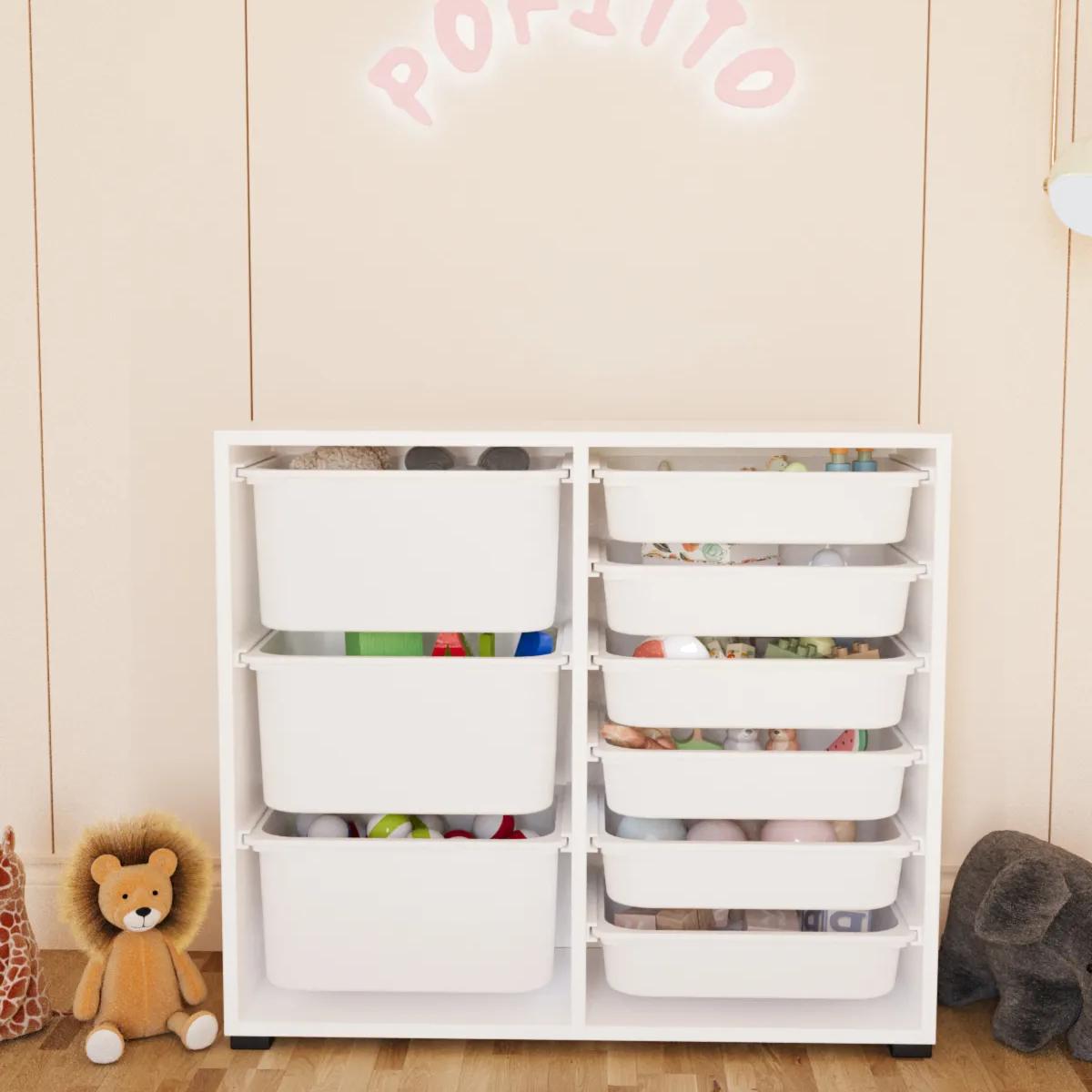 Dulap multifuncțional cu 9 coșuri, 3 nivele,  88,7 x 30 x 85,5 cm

--------------------------------

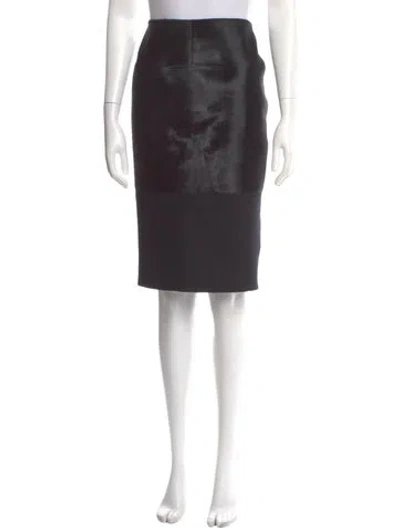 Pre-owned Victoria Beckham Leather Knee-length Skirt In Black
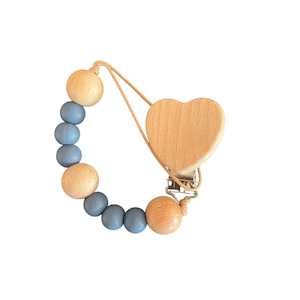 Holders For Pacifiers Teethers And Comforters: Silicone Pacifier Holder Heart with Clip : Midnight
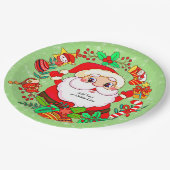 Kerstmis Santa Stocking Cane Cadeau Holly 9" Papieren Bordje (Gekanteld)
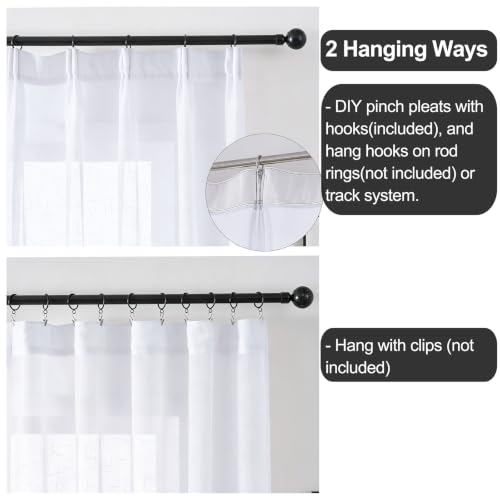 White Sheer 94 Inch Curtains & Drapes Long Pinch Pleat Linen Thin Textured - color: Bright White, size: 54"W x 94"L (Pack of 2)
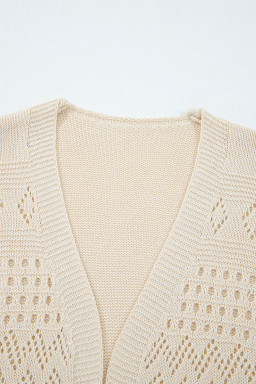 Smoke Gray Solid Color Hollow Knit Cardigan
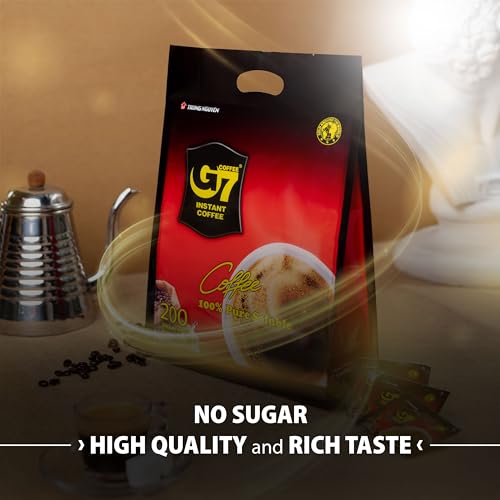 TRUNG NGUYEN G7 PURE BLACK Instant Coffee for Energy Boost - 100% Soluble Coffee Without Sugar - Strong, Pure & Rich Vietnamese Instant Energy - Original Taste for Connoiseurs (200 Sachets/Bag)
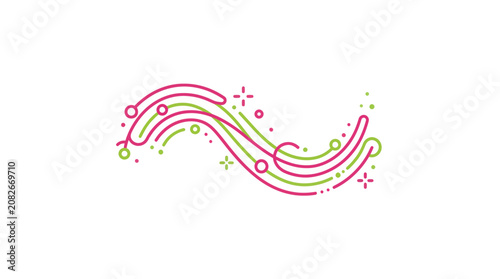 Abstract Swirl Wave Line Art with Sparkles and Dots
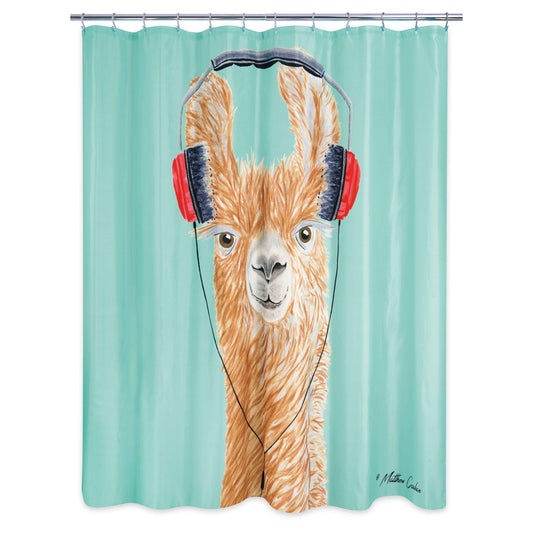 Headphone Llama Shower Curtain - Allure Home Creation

--------------------------------

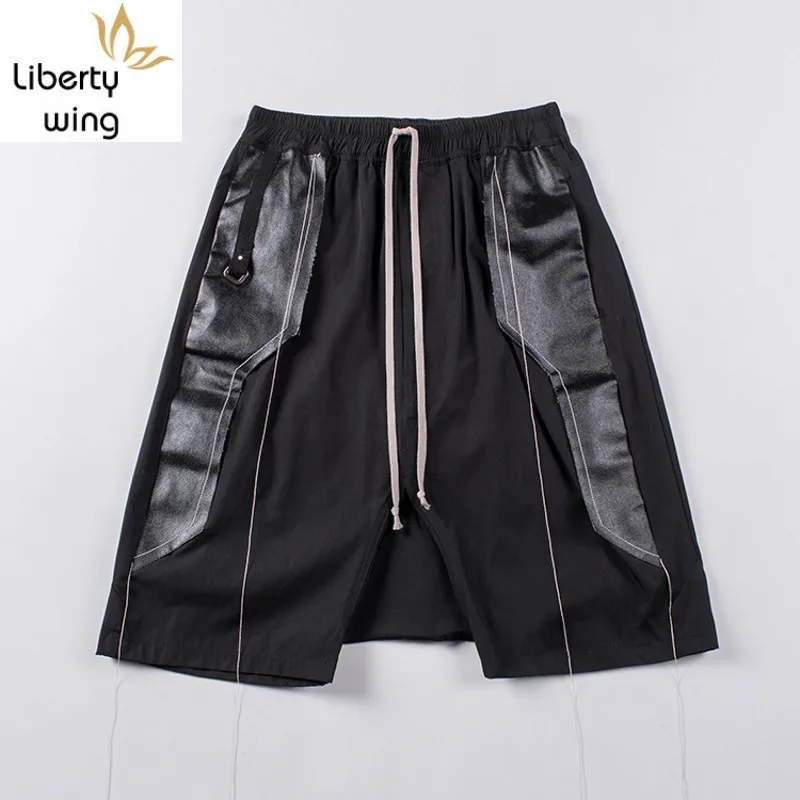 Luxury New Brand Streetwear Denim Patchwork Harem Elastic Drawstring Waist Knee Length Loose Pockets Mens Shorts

--------------------------------

## TASK OBJECTIVE:
Output should consist of the lines above from the one with "TRUNG NGUYEN G7" down to the one with "Headphone Llama Shower", exact and without pictures.

## REPLY:
 TRUNG NGUYEN G7 PURE BLACK Instant Coffee for Energy Boost - 100% Soluble Coffee Without Sugar - Strong, Pure & Rich Vietnamese Instant Energy - Original Taste for Connoiseurs (200 Sachets/Bag)
 Abstract Swirl Wave Line Art with Sparkles and Dots
 Headphone Llama Shower Curtain - Allure Home Creation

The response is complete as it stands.